Domain-Specific WER Filtering#
Different speech domains have varying acoustic characteristics and transcription complexity. Adjust WER thresholds based on your specific domain:
Conversational Speech#
Conversational speech typically has higher WER due to informal language, disfluencies, overlapping speech, and background noise.

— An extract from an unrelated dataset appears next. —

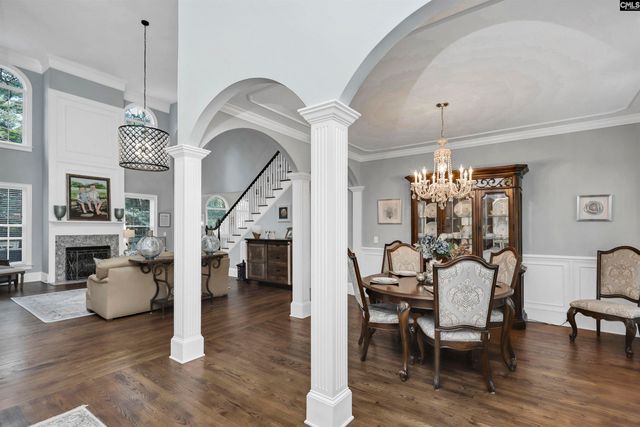 608 Charles Court, Lexington, SC 29072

Use more lenient thresholds:
# More lenient thresholds for conversational speech
conversational_wer_config = {
"excellent_threshold": 15.0, # compared to 10.0 for read speech
"good_threshold": 35.0, # compared to 25.0 for read speech
"acceptable_threshold": 60.0 # compared to 50.0 for read speech
}
conversational_filter = PreserveByValueStage(
input_value_key="wer",
target_value=conversational_wer_config["good_threshold"],
operator="le"
)
pipeline.add_stage(conversational_filter)
Use cases: Call center recordings, meeting transcriptions, casual interviews, social media audio
Broadcast and News#
Broadcast speech features professional speakers, controlled environments, and clear articulation, enabling stricter quality standards:
# Stricter thresholds for high-quality broadcast speech
broadcast_wer_config = {
"excellent_threshold": 5.0, # Very strict
"good_threshold": 15.0, # Stricter than general
"acceptable_threshold": 25.0 # Maximum for broadcast quality
}
broadcast_filter = PreserveByValueStage(
input_value_key="wer",
target_value=broadcast_wer_config["good_threshold"],
operator="le"
)
pipeline.add_stage(broadcast_filter)
Use cases: News broadcasts, audiobooks, podcasts, prepared presentations, voiceovers
Complete WER Filtering Example#
Here’s a complete pipeline demonstrating WER calculation and filtering:
from nemo_curator.pipeline import Pipeline
from nemo_curator.backends.xenna import XennaExecutor
from nemo_curator.stages.audio.datasets.fleurs.create_initial_manifest import CreateInitialManifestFleursStage
from nemo_curator.stages.audio.inference.asr_nemo import InferenceAsrNemoStage
from nemo_curator.stages.audio.metrics.get_wer import GetPairwiseWerStage
from nemo_curator.stages.audio.common import PreserveByValueStage
from nemo_curator.stages.audio.io.convert import AudioToDocumentStage
from nemo_curator.stages.text.io.writer import JsonlWriter
from nemo_curator.stages.resources import Resources
# Create WER filtering pipeline
pipeline = Pipeline(name="wer_filtering")
# 1. Load audio data with ground truth transcriptions
pipeline.add_stage(CreateInitialManifestFleursStage(
lang="en_us",
split="validation",
raw_data_dir="./audio_data"
).with_(batch_size=8))
# 2. Run ASR inference to generate predictions
pipeline.add_stage(InferenceAsrNemoStage(
model_name="nvidia/stt_en_fastconformer_hybrid_large_pc",
pred_text_key="pred_text"
).with_(resources=Resources(gpus=1.0)))
# 3. Calculate WER
pipeline.add_stage(GetPairwiseWerStage(
text_key="text",
pred_text_key="pred_text",
wer_key="wer"
))
# 4. Filter by WER threshold (keep WER ≤ 30%)
pipeline.add_stage(PreserveByValueStage(
input_value_key="wer",
target_value=30.0,
operator="le"
))
# 5. Export filtered results
pipeline.add_stage(AudioToDocumentStage())
pipeline.add_stage(JsonlWriter(path="./filtered_audio"))
# Execute pipeline
executor = XennaExecutor()
pipeline.run(executor)
Best Practices#
Start with lenient thresholds: Begin with higher WER thresholds (for example, 50%) and progressively tighten based on dataset size and quality requirements.
Consider domain characteristics: Adjust thresholds based on speech type (conversational compared to broadcast compared to read speech).
Analyze before filtering: Export WER distributions to understand your data before applying aggressive filters.
Balance quality and quantity: Stricter thresholds improve data quality but reduce dataset size; find the right balance for your use case.
Check ASR model: Ensure your ASR model is appropriate for the language and domain before using WER for filtering.